__Data excerpts__
════════

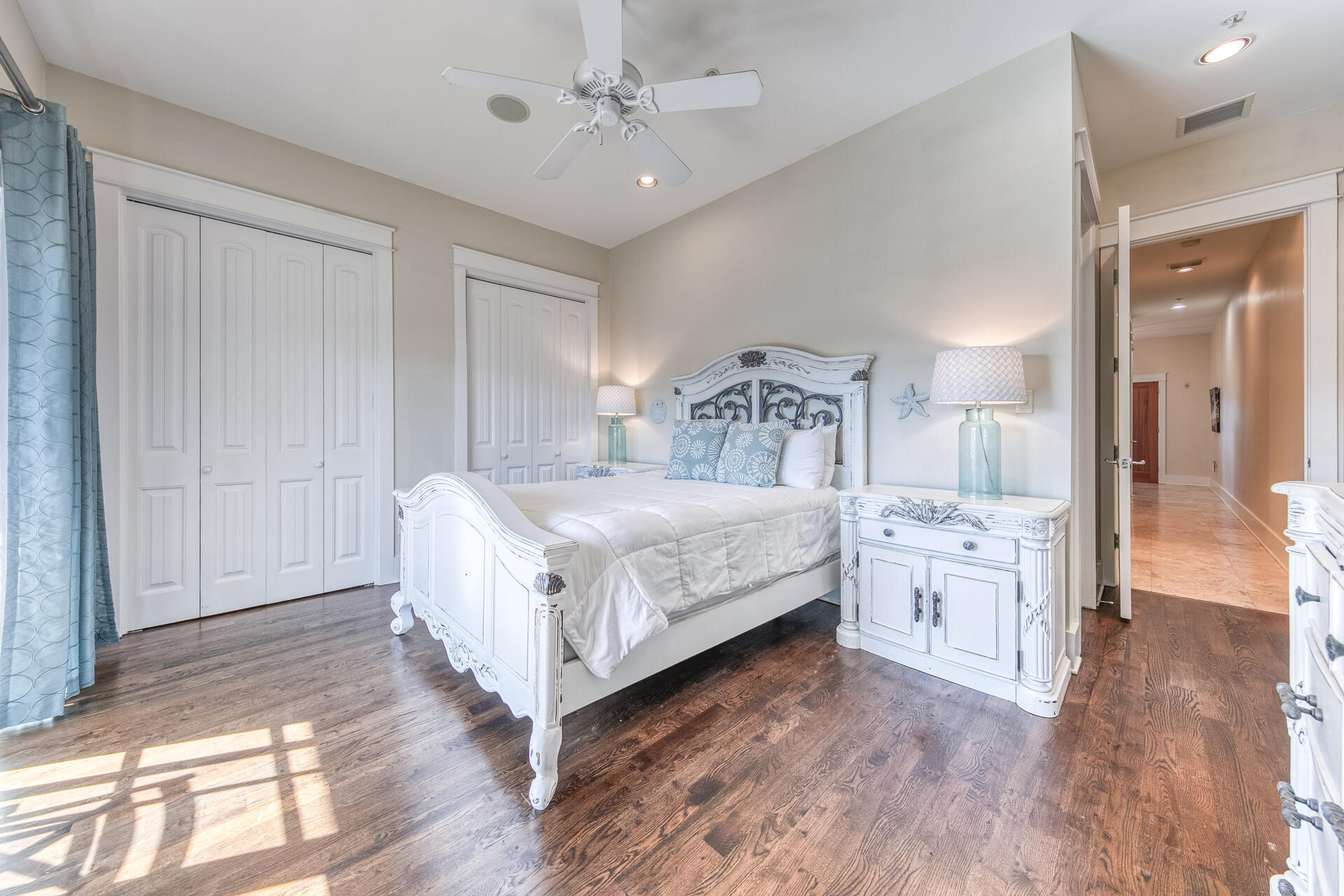 5231 East County Highway 30A, Unit E Santa Rosa Beach, FL 32459 - Photo 10 of 41 a bedroom with a bed and a chandelier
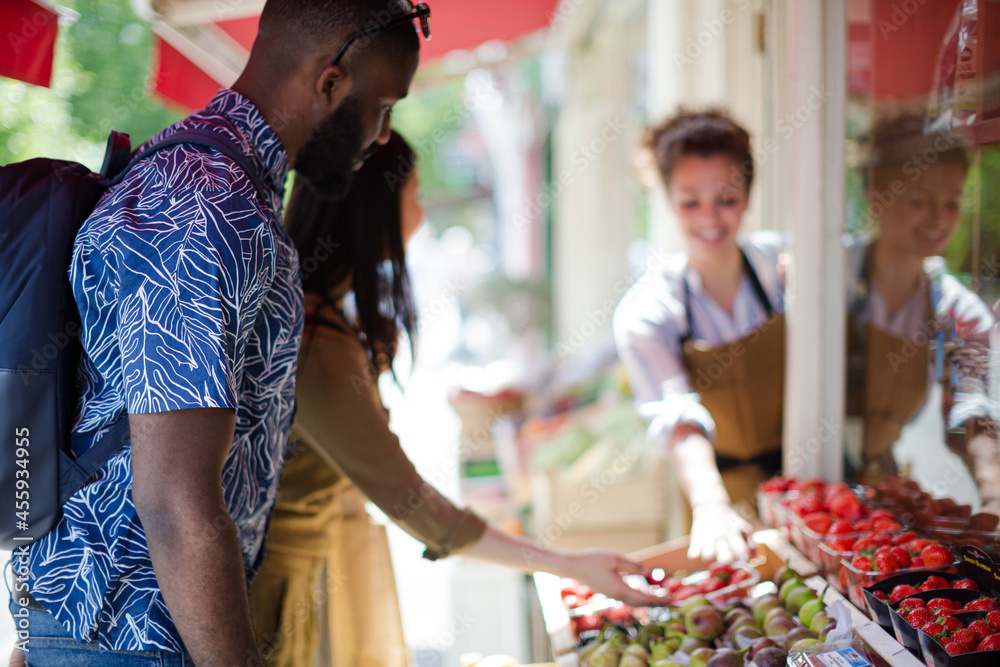 Obraz premium Female worker helping young couple shopping for fruit at market storefront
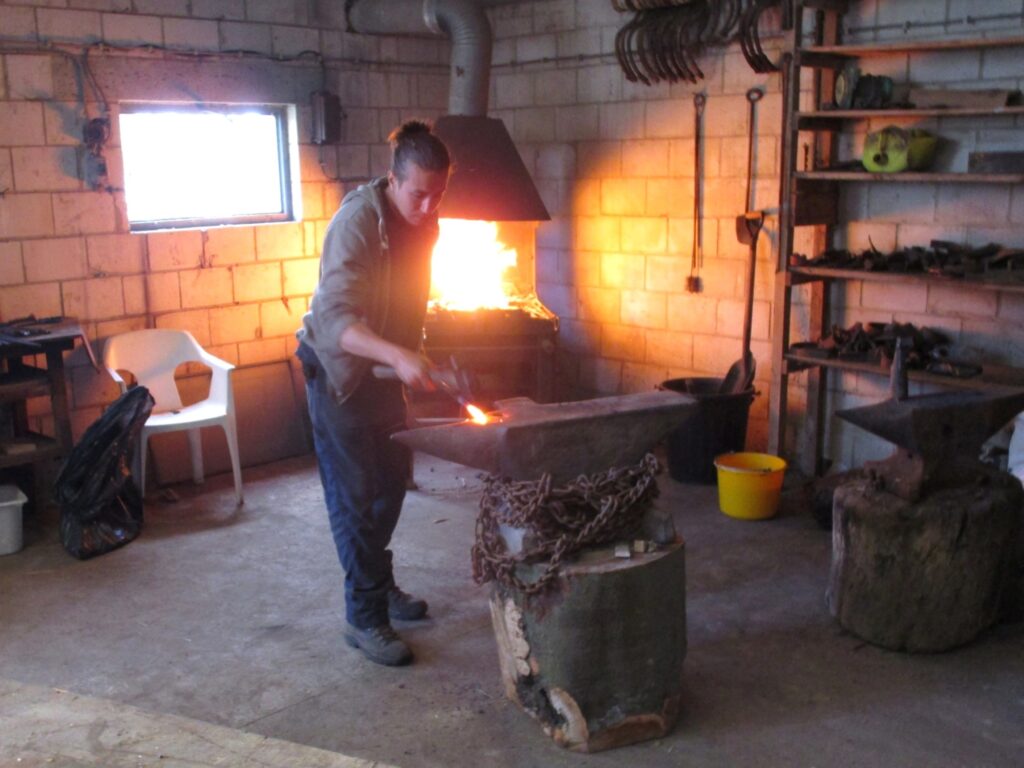 un forgeron forge un outil avec son marteau et son enclume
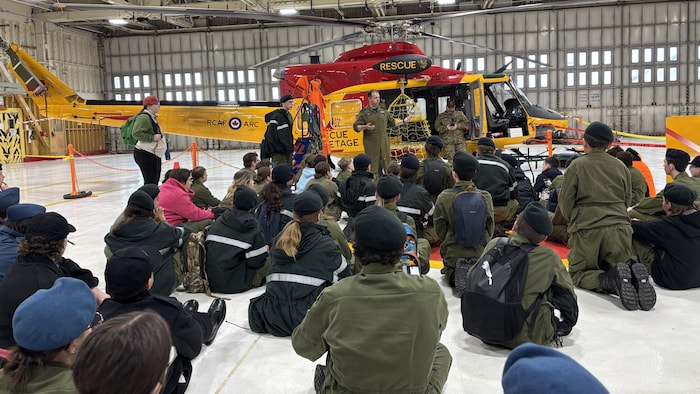 Des cadets sont assis devant un hélicoptère.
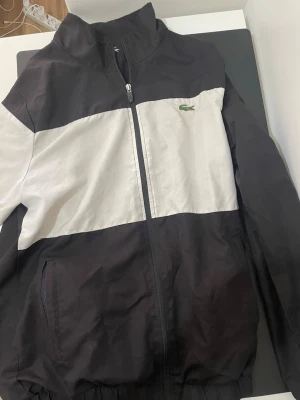 Svartvit vindjacka från Lacoste med byxor - Snygg svart och vit vindjacka från Lacoste med dragkedja framtill och hög krage. Jackan har det klassiska gröna krokodilmärket på bröstet och en stor krokodil på ena ärmen. Tillverkad i lätt och tåligt material, perfekt för blåsiga dagar.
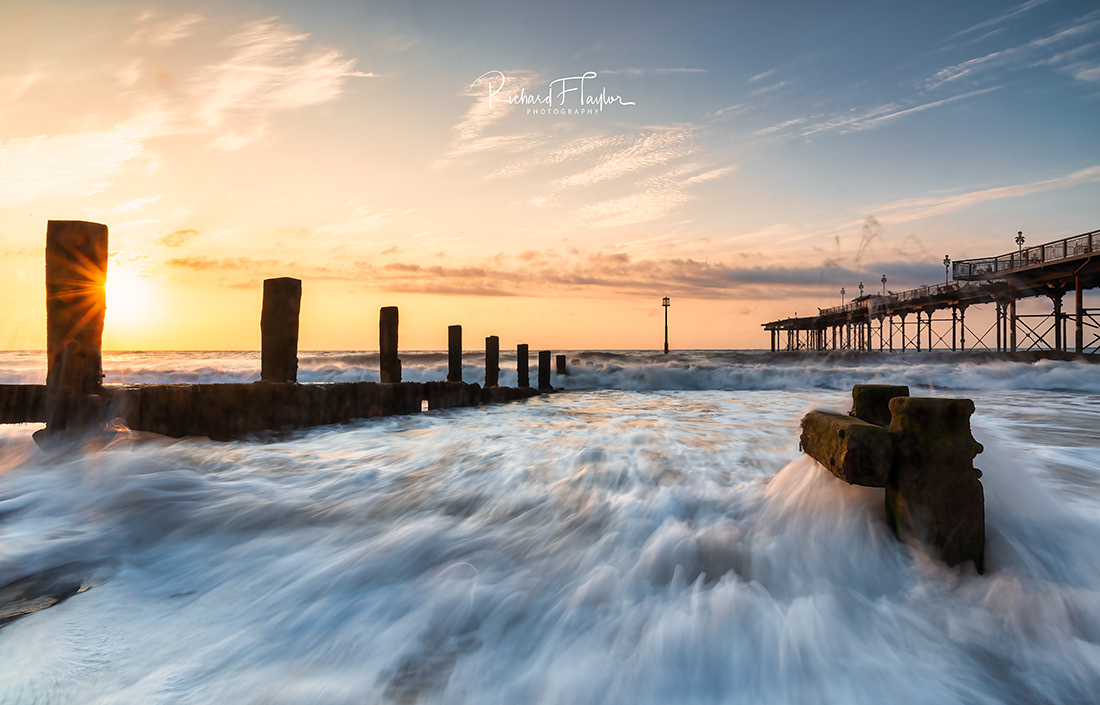 Teignmouth Pier at Sunrise: A Golden Gateway to the New Day
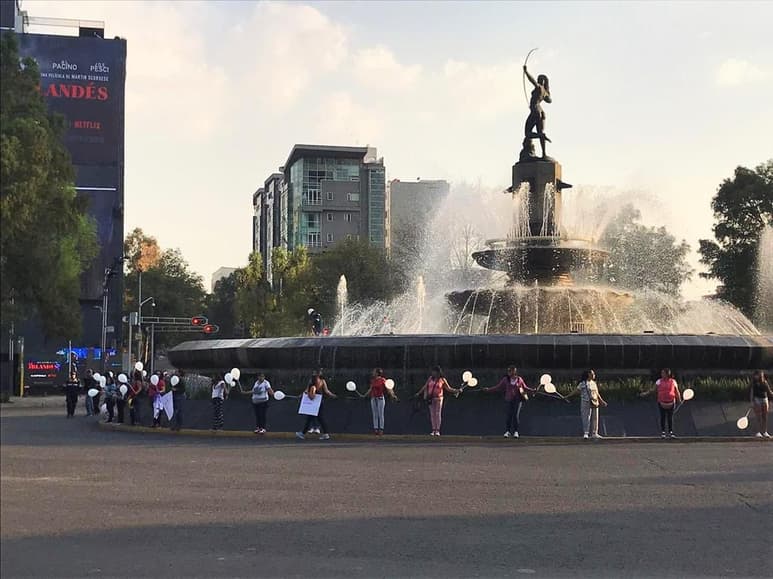 Con globos blancos y listones de color violeta en sus manos, las mujeres se fueron colocando tomadas de las manos alrededor de la Diana Cazadora, mismo que fue escogido por tratarse de una mujer. (ESPECIAL)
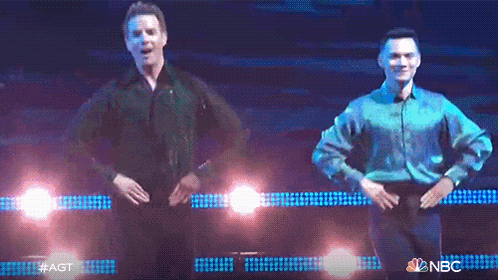 two men are dancing on a stage with a nbc logo in the background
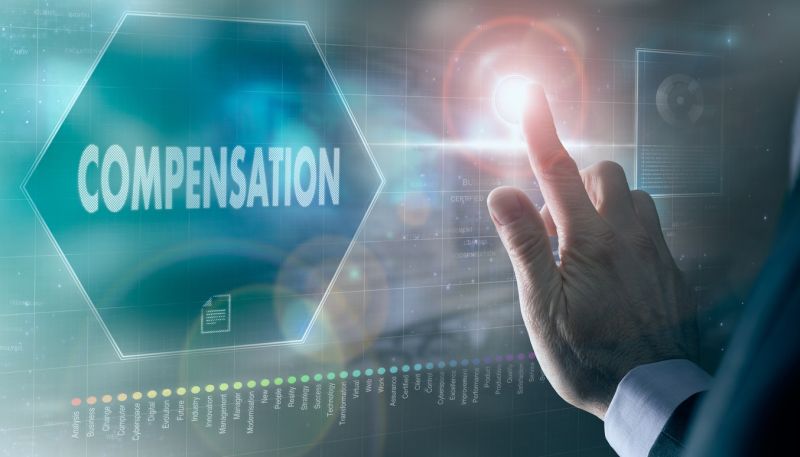 A businessman controlling a futuristic display with a Compensation concept on it.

════════

__Action item__
Set down the data above word for word, leaving every picture out.

__Task answer__
 5231 East County Highway 30A, Unit E Santa Rosa Beach, FL 32459 - Photo 10 of 41 a bedroom with a bed and a chandelier
 Obraz premium Female worker helping young couple shopping for fruit at market storefront
 un forgeron forge un outil avec son marteau et son enclume
 Des cadets sont assis devant un hélicoptère.
 Svartvit vindjacka från Lacoste med byxor - Snygg svart och vit vindjacka från Lacoste med dragkedja framtill och hög krage. Jackan har det klassiska gröna krokodilmärket på bröstet och en stor krokodil på ena ärmen. Tillverkad i lätt och tåligt material, perfekt för blåsiga dagar.
 Teignmouth Pier at Sunrise: A Golden Gateway to the New Day
 Con globos blancos y listones de color violeta en sus manos, las mujeres se fueron colocando tomadas de las manos alrededor de la Diana Cazadora, mismo que fue escogido por tratarse de una mujer. (ESPECIAL)
 two men are dancing on a stage with a nbc logo in the background
 A businessman controlling a futuristic display with a Compensation concept on it.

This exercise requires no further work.